Fish trade within the Near East and North Africa region continues to be negligible due to numerous factors including commercial and administrative constraints. There are, however, several facts that could promote expansion in the regional seafood market: the population growth in the region, higher per capita income and living standards supporting demand for quality fish products, and increased awareness of fish as a healthy food. In addition, the tourist industry is a significant component of the fish market in some of the countries of the region (Morocco, Tunisia, Egypt and UAE).

Unlike the relative stagnation of regional trade, international trading particularly with the lucrative markets in the EC shows a positive trend. Furthermore, globalization and interregional trade are at the origin of the recent expansion of some relatively new fisheries in the region that are not relevant for the domestic market and are almost exclusively export-orientated.

The practice of illegal fishing undermines food supply chains, deprives fishing communities of sustainable livelihoods, and steals a vital source of income from developing nations. FAO’s Committee on Fisheries (COFI) at its last Session (Rome, 2-6 March 2009) reaffirmed that Illegal, Unreported and Unregulated (IUU) fishing remained one of the principal threats to sustainable fisheries and emphasized the value of cooperative efforts in addressing it. IUU fishing was also debated during the Regional Commission for Fisheries (RECOFI) at its 3rd Meeting (Doha, 20-22 October 2009).

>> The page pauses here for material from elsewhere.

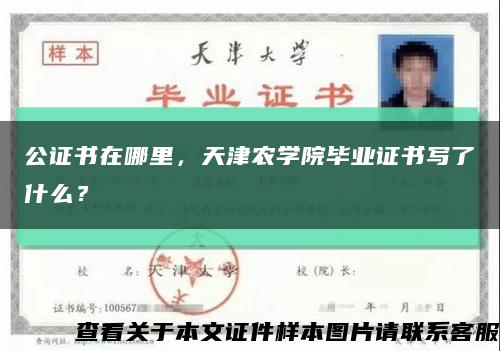公证书在哪里，天津农学院毕业证书写了什么？缩略图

In addition, the European Community Council Regulation No 1005/2008 of 29 September 2008 established a Community system to prevent, deter and eliminate illegal, unreported and unregulated fishing. The regulation took effect on January 1, 2010 and will be a main tool to establish a certification scheme covering all imports of fishery products into the EC. The regulation’s aim is to halt the import of IUU fishery products. Some RNE Members have expressed concern about the introduction of regulation No 1005/2008 noting that, like the HACCP controls introduced by the EC in 1990s, exports of fish from their countries could be interrupted.

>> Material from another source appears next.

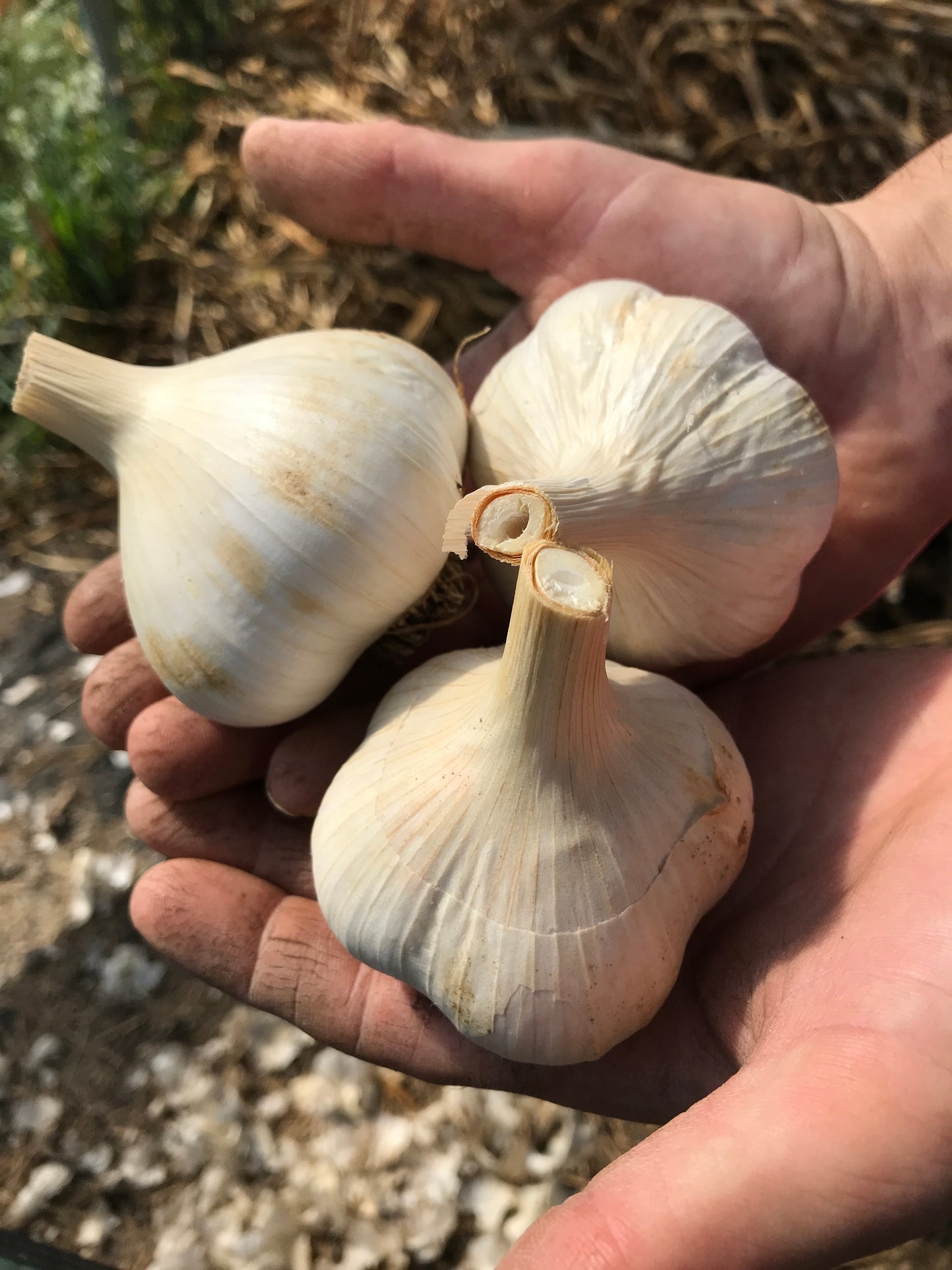 Fresh Heirloom Garlic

The proposed seminar would be a key-element to address the aforementioned concerns and issues, and create the opportunity to discuss topics related to the economic consequences of certification, how different standards and methods of certification may influence the market for fish and fish products, and how different actors/stakeholders in this field interact. Furthermore, the seminar will discuss how the national fishing sectors (industrial and small-scale fisheries) can adapt to the increasing pressures for applying an increasing number of standards, to understand stakeholder expectations with respect to the role of the public authorities in the field of standards and the role and place of standards in the market for fish and fish products.